米粉ニュース

自家製粉「生米粉」の可能性語る バウムクーヘンで農福連携「ココトモファーム」の事例紹介

【掲載】 米麦日報
【掲載日】

2022年4月20日(水)

◎西村機械製作所・西村社長、自家製粉「生米粉」の可能性語る

 バウムクーヘンで農福連携「ココトモファーム」の事例紹介

 

 13~15日に東京ビックサイトで開催された大規模展示会では、幅広い分野の講師が特別セミナーで講演した。今回は、㈱西村機械製作所の西村元樹社長による「生米粉を活用したグルテンフリー商材で地域活性化」を紹介する。

〈㈱西村機械製作所 西村社長〉

 当社は1934年の創業以来、和菓子や米菓向けの米粉製粉技術を開発してきた。20年ほど前から小麦粉代替用の米粉製粉機の開発に取り組み、湿式気流粉砕機「スーパーパウダーミル」を完成させた。これは中型で製粉工場向けの機種だが、自家製粉のニーズに応えようと5年前に開発したのが小型の「フェアリーパウダーミル」だ。全国から反響があり、約30か所で採用していただいている。特に地方の米どころで、地産地消や6次産業化、町おこしに向けたニーズがあるようだ。また、宮崎県の2つの農業高校でも採用されている。

 今日は、愛知県犬山市の㈱ココトモファームの取り組み事例を紹介する。

 ココトモファームの由来は「ココでトモだちになろう」。多様性の中で互いに支え合える社会を創ることを理念とし、農福連携に取り組む米農家だ。社長の齋藤修一氏は福祉の業態から農業に参入し、障がいのある方を積極的に採用している。愛知県犬山市に約2万6,000坪の田んぼを持っているが、そのほとんどは耕作放棄地や、担い手のいない農家から借りたものだ。

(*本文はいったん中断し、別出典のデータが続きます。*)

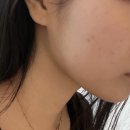 11620-15-73-5 | 복부 뱃살 관리 &amp; 셀프 고주파 다이어트 30분 솔직 후기 | 힐바나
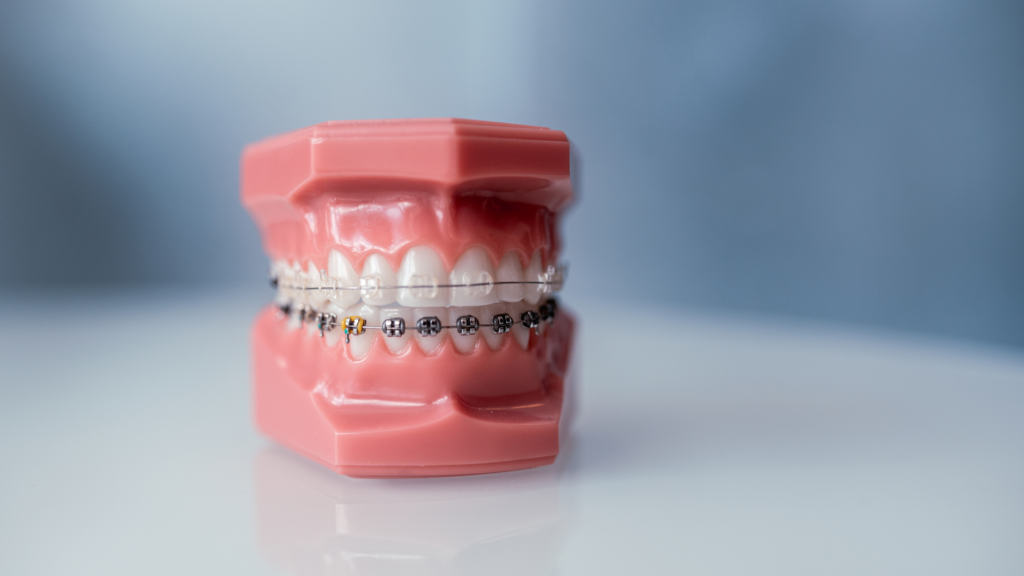 ortodoncija zagreb, invisalign aparatić za zube, prozirne udlage za zube, fiksni aparatić za zube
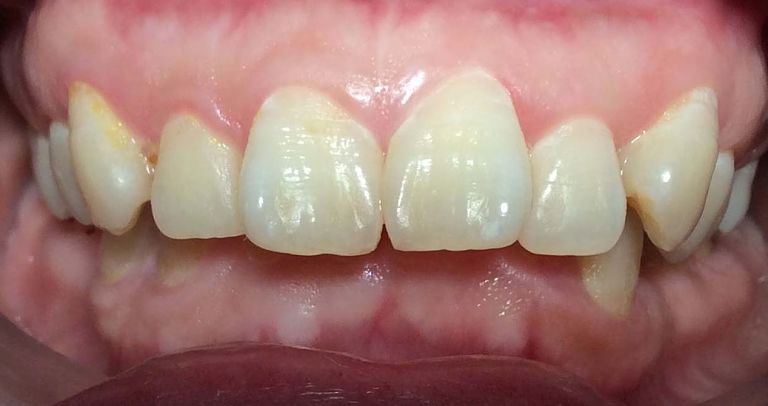 Răng hô nhẹ: Nguyên nhân và cách điều trị triệt để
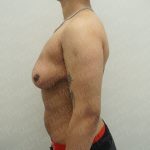 Chest Masculinization Surgery Before & After Patient #3951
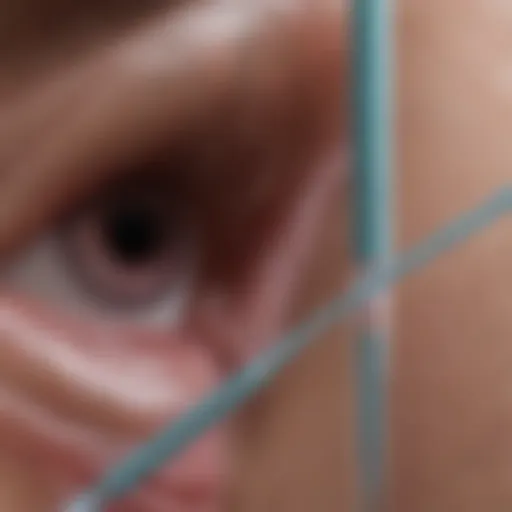 Illustration depicting the catheter used in angioplasty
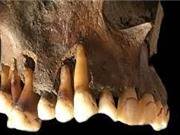 DNA trong răng cổ đại tiết lộ lịch sử tiến hóa virus herpes 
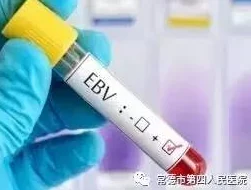 EB病毒怎么治疗目前尚无特效药，主要进行对症治疗和支持治疗，密切监测病情变化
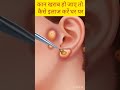 कान का इलाज कैसे करें 3D वीडियो#reels #asmr #trending #3d🌅 #shortsvideo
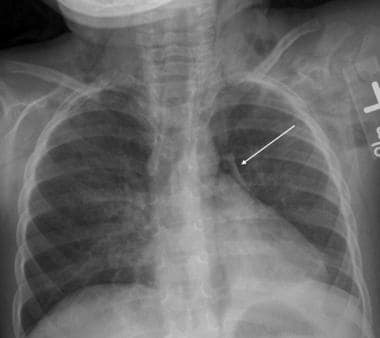 This chest radiograph (posteroanterior and lateral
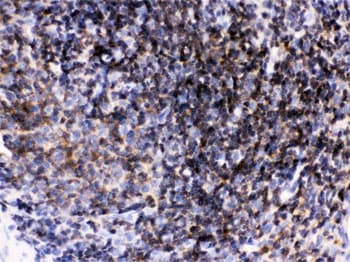 Polyclonal Rabbit anti-Human p56lck / LCK Antibody (IHC, WB)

 米作りに取り組むなかで、齋藤社長は米の出口の問題や、農業と福祉の雇用を繋げることの難しさに悩んでいた。そんななか、当社の展示会を見たことをきっかけに、収穫した米を米粉にして商品化することを思いつき、バウムクーヘン作りにたどり着いた。自家栽培の米を当社の「フェアリーパウダーミル」で高品質な米粉にし、最先端のオーブンで焼きあげ、販売する。農業・福祉・工業・商業が連携して誕生したのが「ココトモバウム」だ。

 ココトモファームは、観光名所・犬山城の城下町にお店を展開している。縁結びで知られる三光稲荷神社のお供に、SNS映えする「縁バウム」を売り出したところ、地元の若者を中心に大ヒットした。地元のニーズを的確に捉えた商品で、メディアにも取り上げられた。開業して1年半で6店舗を展開し、年間売上1億5,000万円以上と大成功を収めている。

 バウムクーヘンはパティシエを雇わずに作ることができ、ムダが出ず、作りだめもできるなど、新規参入の方にも取り組みやすい商材だ。

 ココトモバウムは今の時代にマッチしている。美味しさやビジュアルといった従来の食のヒット要素に加え、サスティナブル(持続可能性)であることや、多様化する社会で共生しようという理念が共感や賛同を呼んでいる。地元の米でできたココトモバウムを食べることは地産地消になり、社会貢献にもなる。

 「地域の米粉を活用したい」という場合、パンやスイーツ、麺など色々な商品があるが、中でもスイーツを作りたいというお話が増えている。贈答用や“自分へのご褒美”需要があるからだ。米粉そのものを販売したいなら、委託製粉もしくは中型製粉機「スーパーパウダーミル」を提案している。米粉のパンやスイーツを売りたい場合は、委託製粉か「フェアリーパウダーミル」がお勧めだ。自家製粉にこだわり、生米粉の良さを引き出す商品を開発したいなら、「フェアリーパウダーミル」が適している。玄米、黒米、有機栽培米など、こだわりの米でオリジナル商品を作ることができる。

 自家製粉の優位性は、安心・安全やこだわりを印象付けられることだ。特に米粉の場合は、経営理念やストーリーを伝えやすい。地元の特産物を混ぜてオリジナリティを出し、6次産業化を推進することもできる。アレルギー対応(グルテンフリー)を表示できることも重要だ。

 当社としては、国産の米を普及させるため、製粉技術を通じて米粉の可能性を追求していきたい。そのために、加工業者、流通業者と関係を深め、消費者に積極的にPRする。全国各地の、成功事例を横展開できるような活動も共有していきたい。